* **Work to be completed**
For this exercise, return only the lines in the records below from the one holding "Building Photo - 1113 Harney Ave" through the one holding "Mmr Gardens Hotel Мадурай Екстериор снимка", including both, exactly as they appear and without pictures.

* **Recorded data**
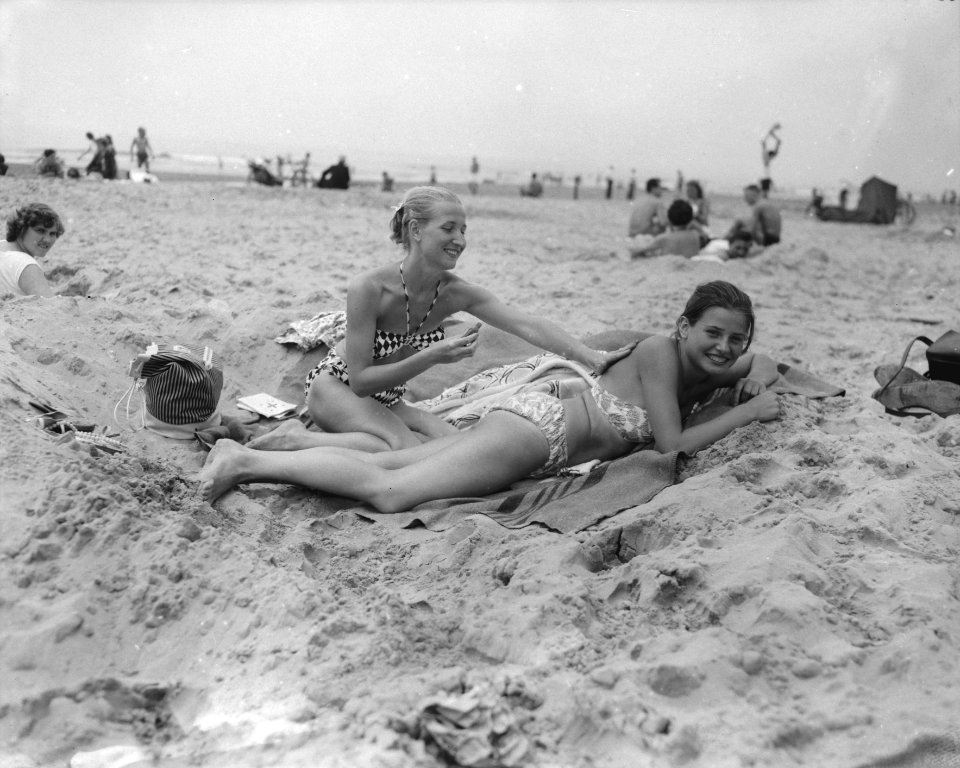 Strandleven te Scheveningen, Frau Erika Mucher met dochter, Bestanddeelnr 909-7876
==
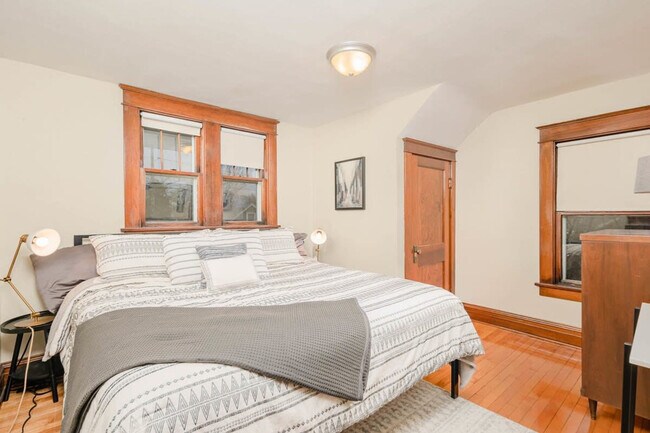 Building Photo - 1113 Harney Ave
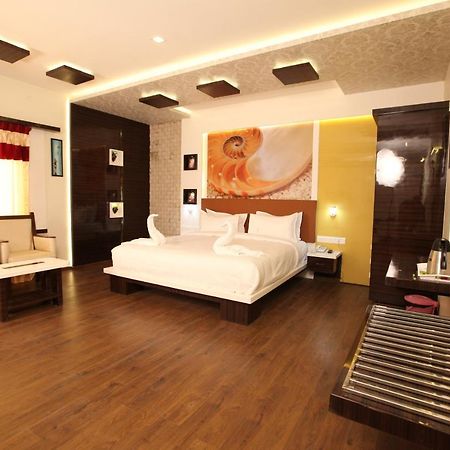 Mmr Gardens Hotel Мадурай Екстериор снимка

* **The completed task**
 Building Photo - 1113 Harney Ave
 Mmr Gardens Hotel Мадурай Екстериор снимка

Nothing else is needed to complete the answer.